(Beginning of Data extract)

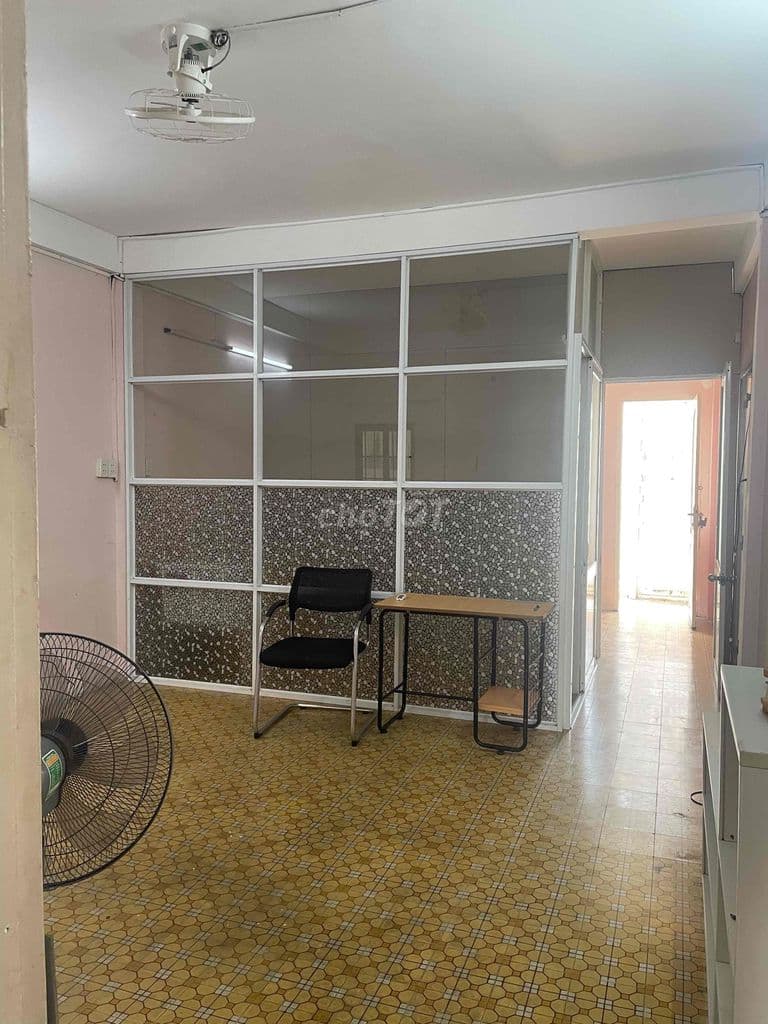 Cần bán chung cư lầu 3 hẻm 80 ba vân, 46m 2pn ban công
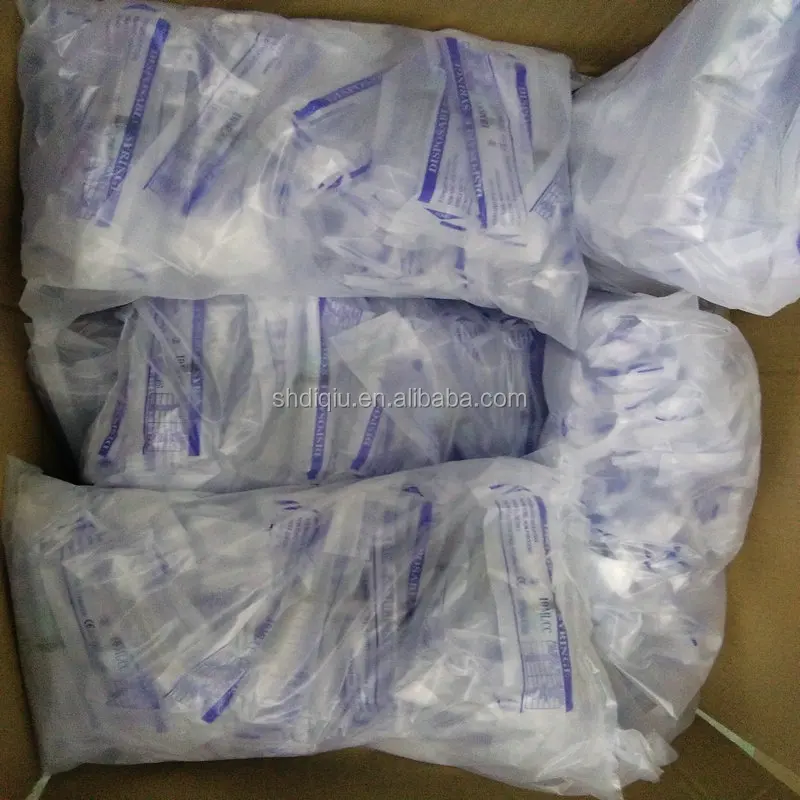 tuberculin syringe.jpg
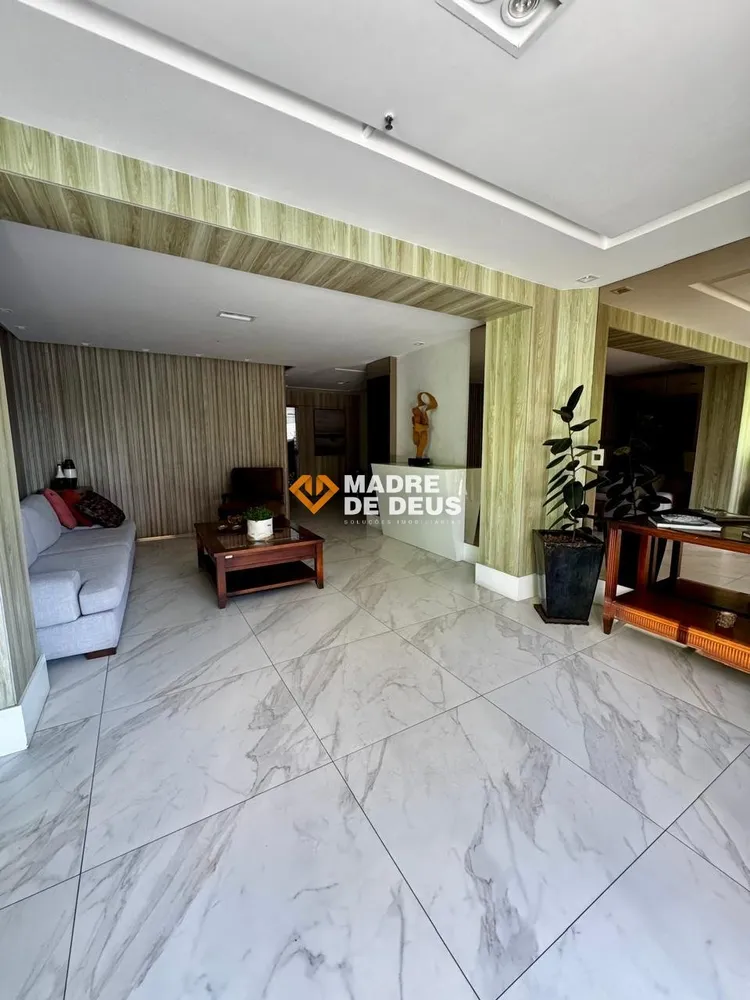 Apartamento, 3 quartos, 211 m² - Foto 2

(End of Data extract)

▶ _How to complete this task_: Copy the listing exactly, omitting pictures.

▶ _Solution_:
 Cần bán chung cư lầu 3 hẻm 80 ba vân, 46m 2pn ban công
 tuberculin syringe.jpg
 Apartamento, 3 quartos, 211 m² - Foto 2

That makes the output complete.